I was first introduced to mindfulness whilst in dialectical behavioural therapy, shortly after being diagnosed with Borderline Personality Disorder. We talked a lot about being in ‘wise mind’ and not being ruled by our emotions. The meditation we practiced was based around Buddhist mindfulness and redirecting thoughts.
Again, whilst recovering from alcoholism in my mid thirties it was a life of ongoing meditation that would be the keystone to sobriety and spiritual growth. It was then that I searched for a practice that would benefit me, and one that was in line with the principles I had adopted whilst in recovery.
It was a long and difficult search to find the right mindfulness practice for me. As I discovered, most are based around Buddhism and eastern religions and philosophies. The problem was that I was not a Buddhist; not that I have anything against Buddhism, but I was raised in Christian values and although not a religious man I wanted to improve in the principles of love, patience and tolerance that I was introduced to in recovery. Spiritual principles grounded in faith – rather than self.
It was whilst searching for a meditation that I met a man who introduced me to non contemplative meditation. It was a non religious mindfulness exercise that didn’t conflict with my beliefs. It was a way to grow in faith and more importantly a way to build resilience against stress and overcome anxiety, depression and other internal conflicts.

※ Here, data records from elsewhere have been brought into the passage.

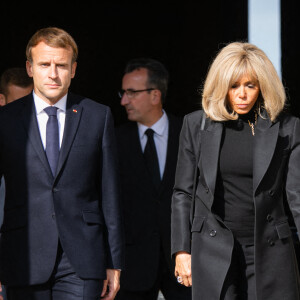 Le président de la République française, Emmanuel Macron et sa femme la Première Dame, Brigitte Macron lors de la cérémonie d'hommage national à Hubert Germain, à Paris, France, le 15 octobre 2021. © Romain Gaillard/Pool/Bestimage 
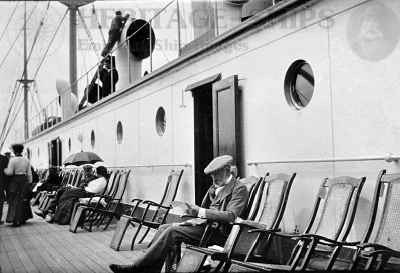 (image for) Saxonia (1) - promenade deck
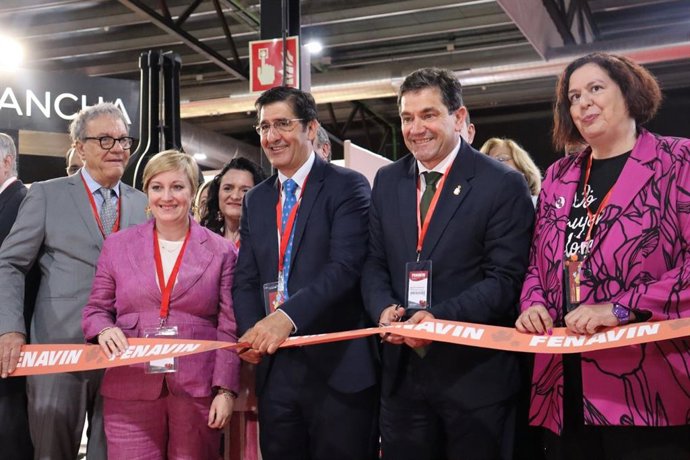 El vicepresidente segundo del Gobierno de C-LM, José Manuel Caballero, y el presidente de la Diputación de Ciudad Real, Miguel Ángel Valverde, inaugurando Fenavin.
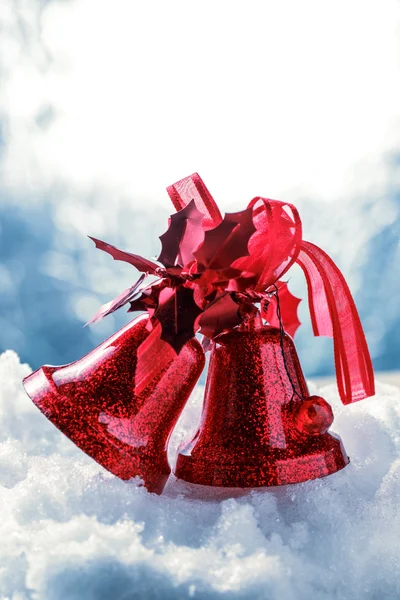 Zwei Weihnachtsglocken auf Schnee — Stockfoto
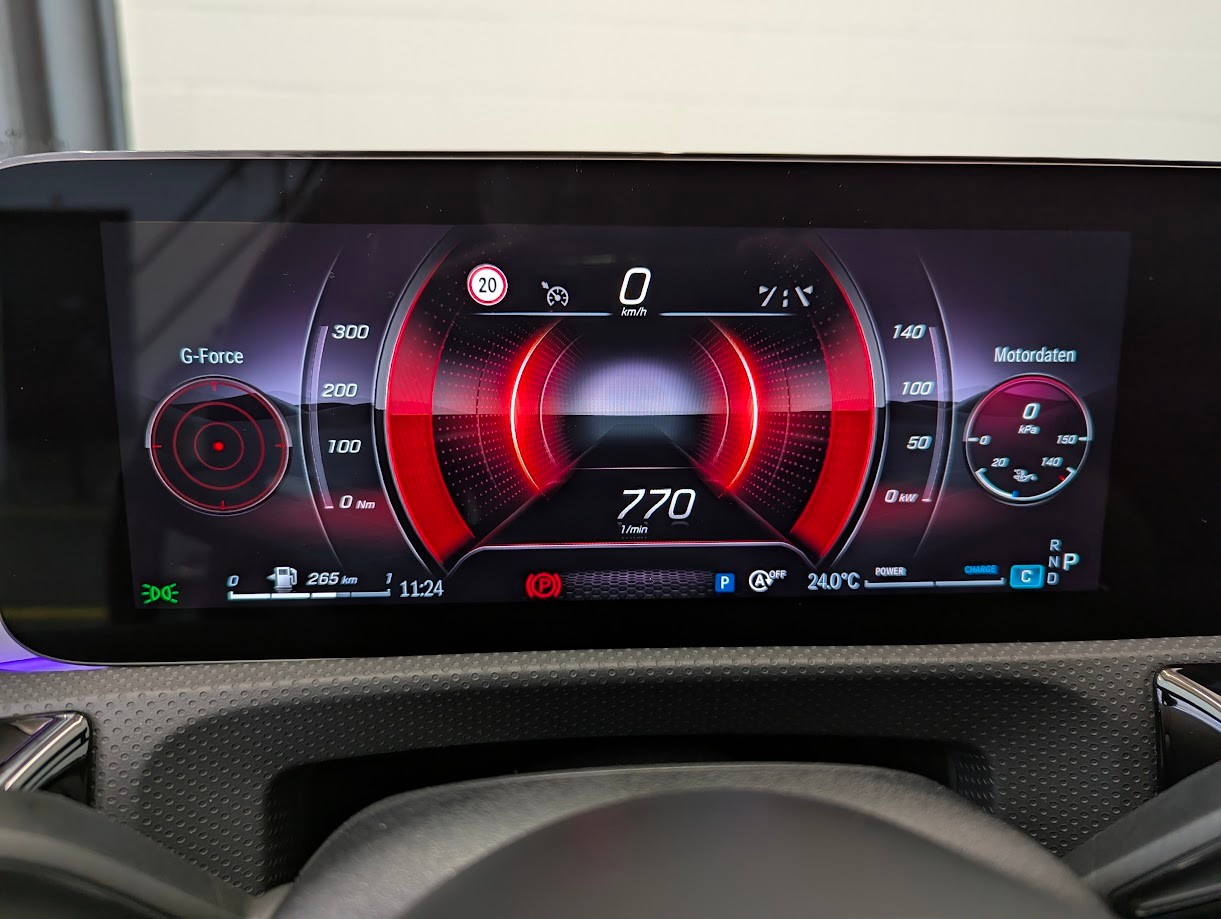 MERCEDES-BENZ A 220 AMG Line 4Matic 8G-DCT*FACELIFT AMG-PREMIUM PLUS PANO VOLL-LED NAVI 360CAM HEAD-UP SITZHEIZ*-image-11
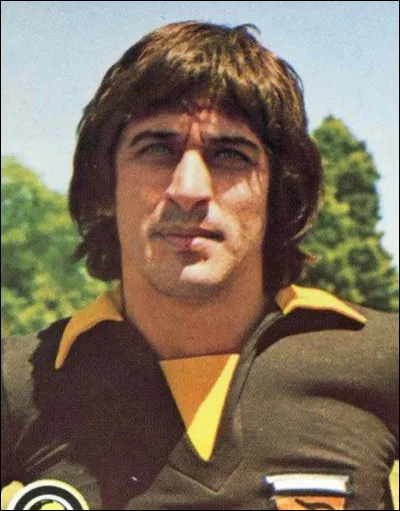 Est parrainé, c'est le...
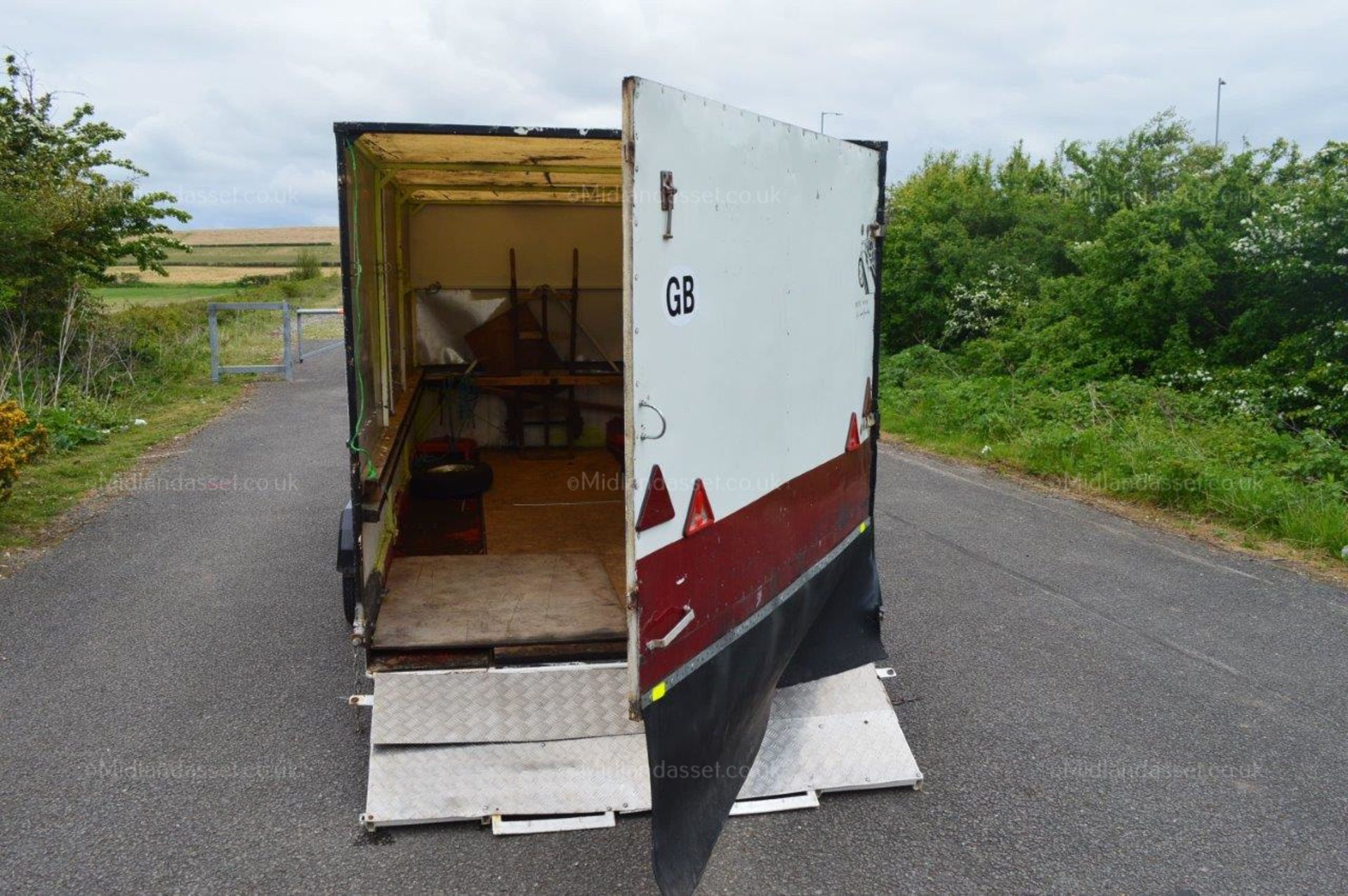 2 TONNE 2/3 AXLE 14 FOOT BOX TRAILER *NO VAT* - Image 10 of 12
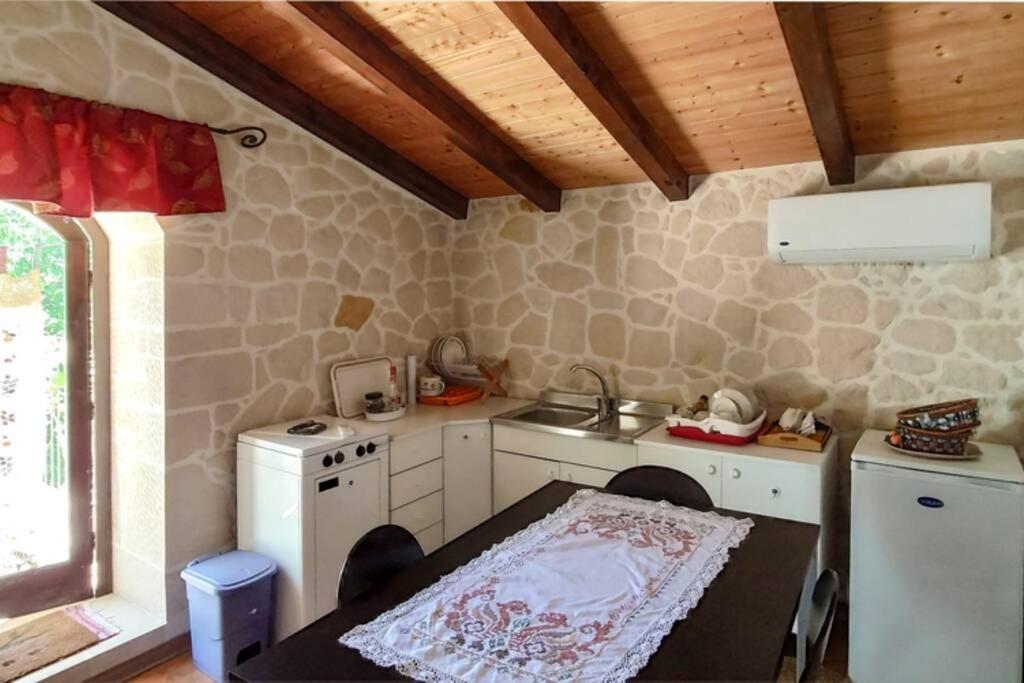 Villa Neli, Palazzolo Acreide, Siracusa, Hot Tub, Wi-Fi & Parking Eksteriør bilde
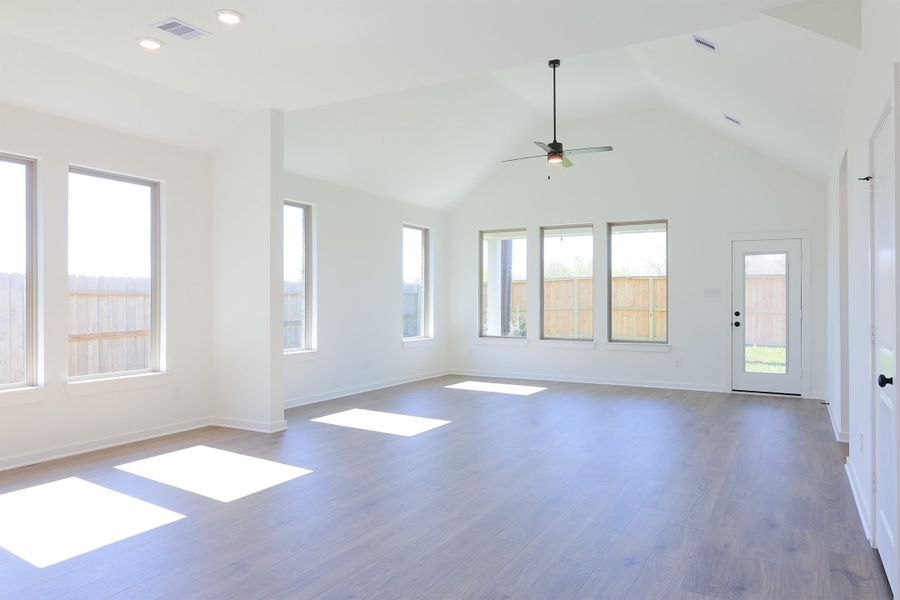 Spacious, unfurnished interior of a new home in Emberly  45', Beasley (Image 18).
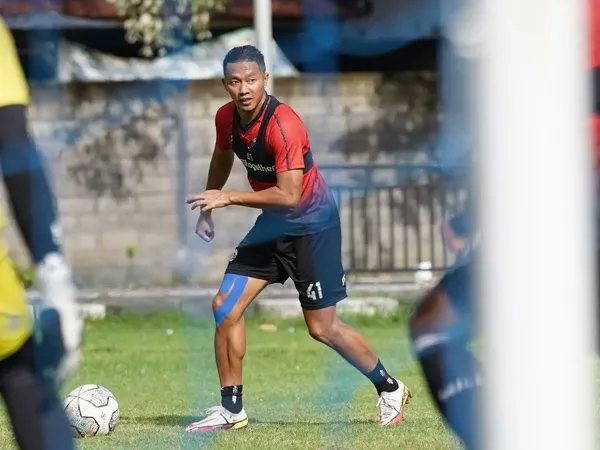 Pemain senior Arema FC, Dendi Santoso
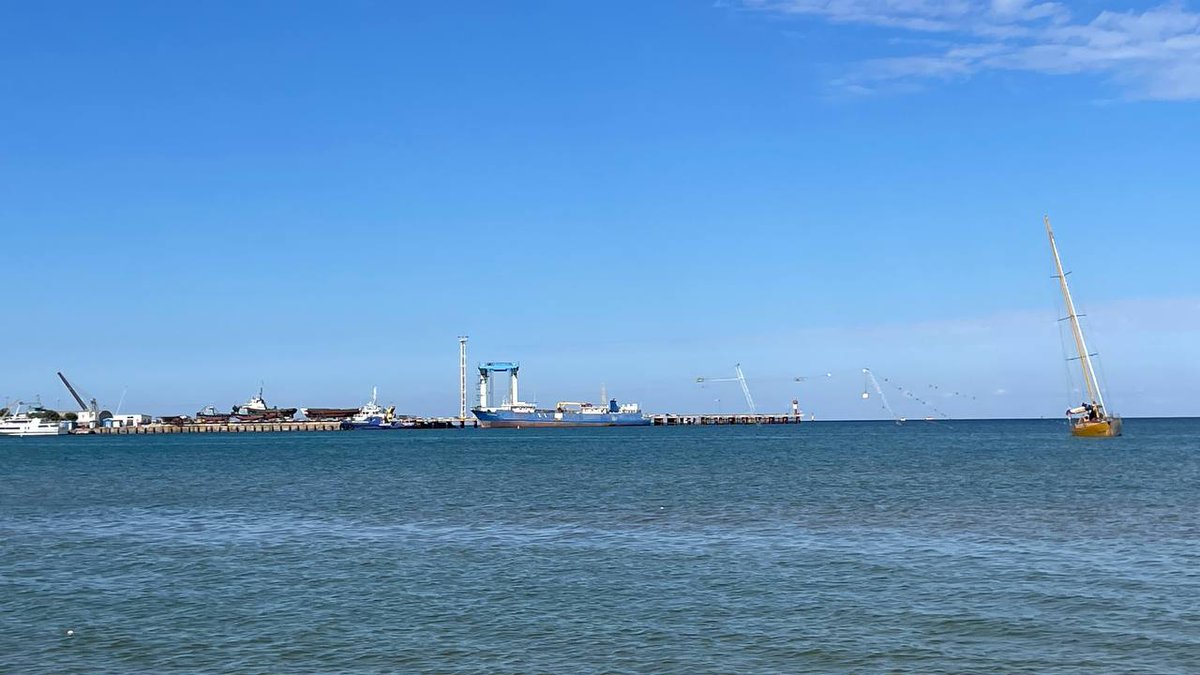 dim447's tweet image. Когда якорь не держит, то #яхта ловит мель..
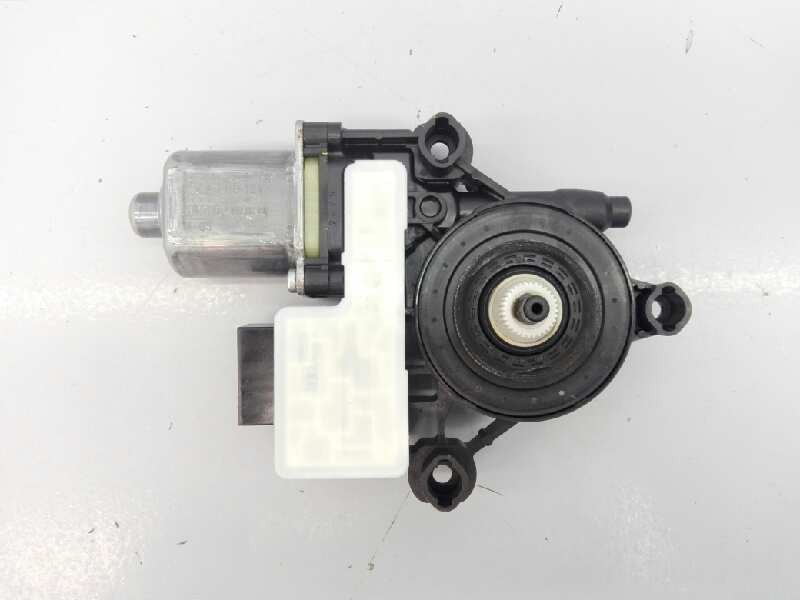Recambio de motor elevalunas trasero derecho para seat leon (5f1) reference referencia OEM IAM 5Q0959812A 0130822724 E1-B6-36-1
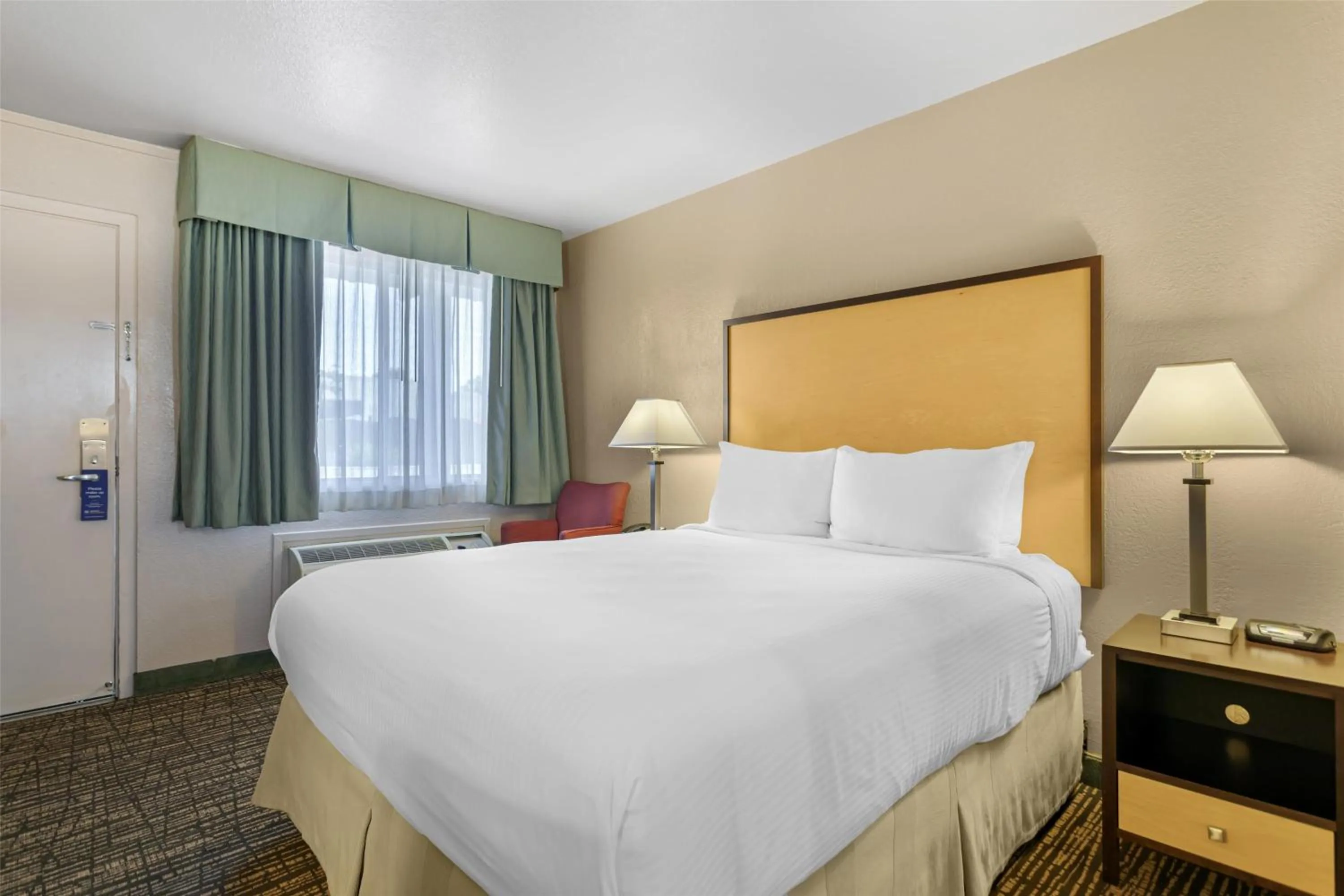 Bedroom, Bed in Best Western Petaluma Inn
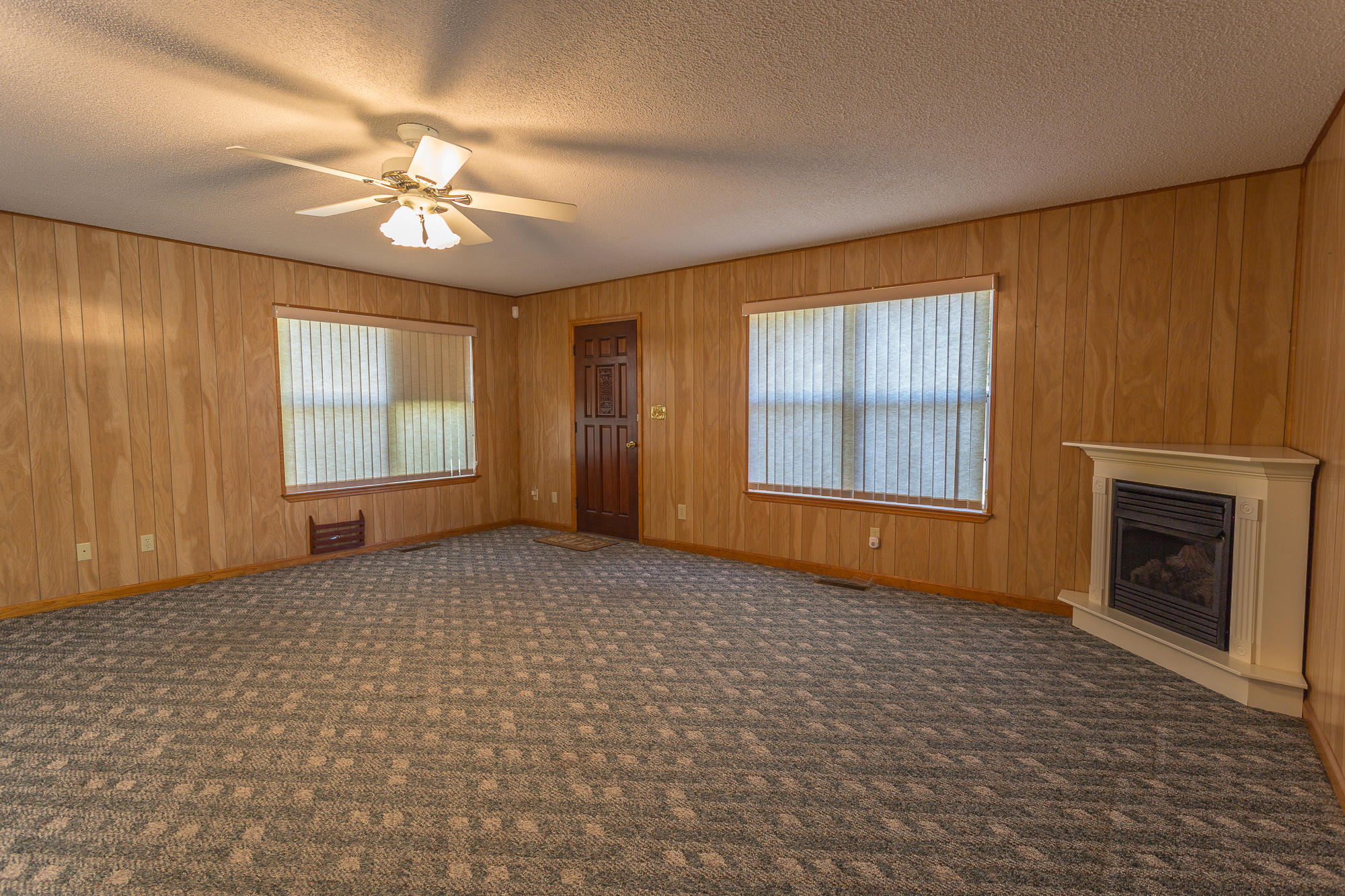 801 Cove Road Chickamauga, GA 30707 - Photo 32 of 68 801 Cove Road-31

Three years ago after developing CPS I eventually got referred to a pain clinic and the main topic of discussion was of finding a mindfulness meditation practice. Once again, meditation was introduced as a way to deal with the mental pressure of living with chronic pain. In short, every avenue of help during my lifetime has led to meditation as a solution to internal conflicts and poor mental health.
And meditation does more than just improve the mind. It reduces stress, which in turn improves the immune system. observing negativity without being affected by it has led to periods of lower pain days. It has also helped me overcome the fears I have experienced since developing CPS and led to a more positive attitude. It has also regulated my emotions, which for someone with bpd (borderline personality disorder) is a huge deal.
There are litteraraly hundreds of meditation practices available. Many are guided distraction techniques which are helpful in the short term and can be useful in a flare up. But using distraction as a long term practice only serves to suppress problems further. Stress needs to be dealt with, in the moment, as we go about our days. Conscious awareness dissolves negative emotions the more we practice being mindful in the moment.
If you are new to meditation and are unsure where to begin I can suggest a free, non religious practice that is a way to seperate from thoughts and be conscious in the moment. This is a powerful awakening exercise. One that expels resentment energy and free’s us from the bondage to negativity. I have been practicing it daily for the last 7 years and it has been life changing.
Mindfulness is at the centre of my life and as a result it has allowed me to let go of a lot of the frustration and fear around my condition. I now find myself at a place of acceptance – which isn’t approval. It just means I no longer struggle emotionally and no longer harbour anger at the injustice of living with chronic pain. I can highly recommend making Mindfulness a daily practice in your tool box. It can change the course of your life. It is a powerful line of defence against the emotional battering of CPS.